ProtoBuf Parser

692 views
Skip to first unread message

Herman Lintvelt

unread,
May 14, 2015, 9:36:53 PM5/14/15
to druid...@googlegroups.com
Hi,

I see a ProtoBuf Parser is mentioned in the docs as an option (instead of JSON/CSV/TSV parsers), but now more details are given. I also looked at the code in github, at the ProtoBufInputRowParser class, but somewhere I am missing something. If I send messages via Kafka (and the KafkaFirehose) in json, it works fine, and the events gets ingested, but if I switch to use data serialized using protobuf, and setup the Realtime Node to use ProtoBuf parser, then it looks like the Realtime node does nog get any events (or ignores them if it does, there is no output on the Realtime node's logger)

Any help will be appreciated. 

My spec for the realtime node:

[
  {
    "dataSchema" : {
      "dataSource" : "lqtest2",
      "parser" : {
        "type" : "protoBuf",
        "descriptor" : "MetricsRecord.proto",
        "parseSpec" : {
          "format" : "json",
          "timestampSpec" : {
            "column" : "timestamp",
            "format" : "millis"
          },
          "dimensionsSpec" : {
            "dimensions": ["userId","sourceId","deviceId"],
            "dimensionExclusions" : [],
            "spatialDimensions" : []
          }
        }
      },
      "metricsSpec" : [{
        "type" : "count",
        "name" : "count"
      }, {
        "type" : "max",
        "name" : "maxValue",
        "fieldName" : "testValue"
      }, {
        "type" : "min",
        "name" : "minValue",
        "fieldName" : "testValue"
      }],
      "granularitySpec" : {
        "type" : "uniform",
        "segmentGranularity" : "HOUR",
        "queryGranularity" : "SECOND"
      }
    },
    "ioConfig" : {
      "type" : "realtime",
      "firehose": {
        "type": "kafka-0.8",
        "consumerProps": {
          "zookeeper.connect": "localhost:2181",
          "zookeeper.connection.timeout.ms" : "15000",
          "zookeeper.session.timeout.ms" : "15000",
          "zookeeper.sync.time.ms" : "5000",
          "group.id": "druid-example",
          "fetch.message.max.bytes" : "1048586",
          "auto.offset.reset": "largest",
          "auto.commit.enable": "false"
        },
        "feed": "test"
      },
      "plumber": {
        "type": "realtime"
      }
    },
    "tuningConfig": {
      "type" : "realtime",
      "maxRowsInMemory": 500000,
      "intermediatePersistPeriod": "PT5m",
      "windowPeriod": "PT5m",
      "basePersistDirectory": "\/tmp\/realtime\/basePersist",
      "rejectionPolicy": {
        "type": "messageTime"
      }
    }
  }
]

Fangjin Yang

unread,
May 15, 2015, 1:57:47 AM5/15/15
to druid...@googlegroups.com, herman....@gmail.com
Hi Herman, are there any exceptions in the logs?
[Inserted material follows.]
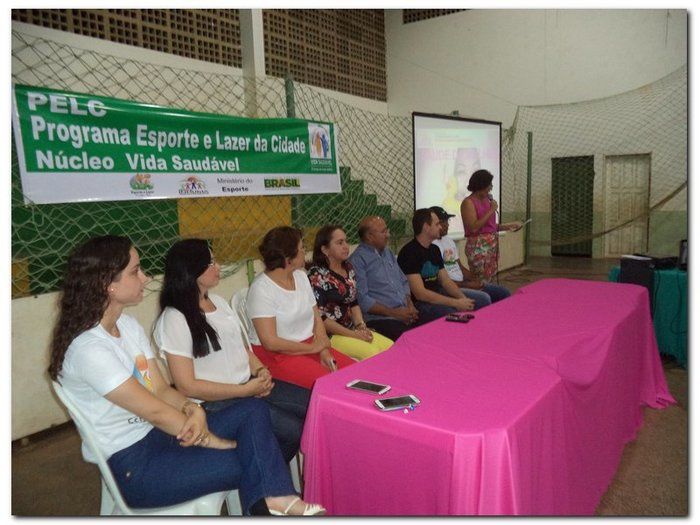 PELC, Programa Esporte e Lazer das Cidades comemora (01) ano de atividades em Inhuma - Imagem 9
If you include the RealtimeMetricsMonitor, are there any metrics about events being ingested, thrownAway, etc?

Herman Lintvelt

unread,
May 15, 2015, 4:51:42 AM5/15/15
to druid...@googlegroups.com, herman....@gmail.com
I've managed to get the RealtimeMetricsMonitor going (I'm still a noob with Druid, but really impressed so far)

From the log (see below) I can see that is struggles parsing the data, I'll switch on debug logging and see if I get more information to trace down.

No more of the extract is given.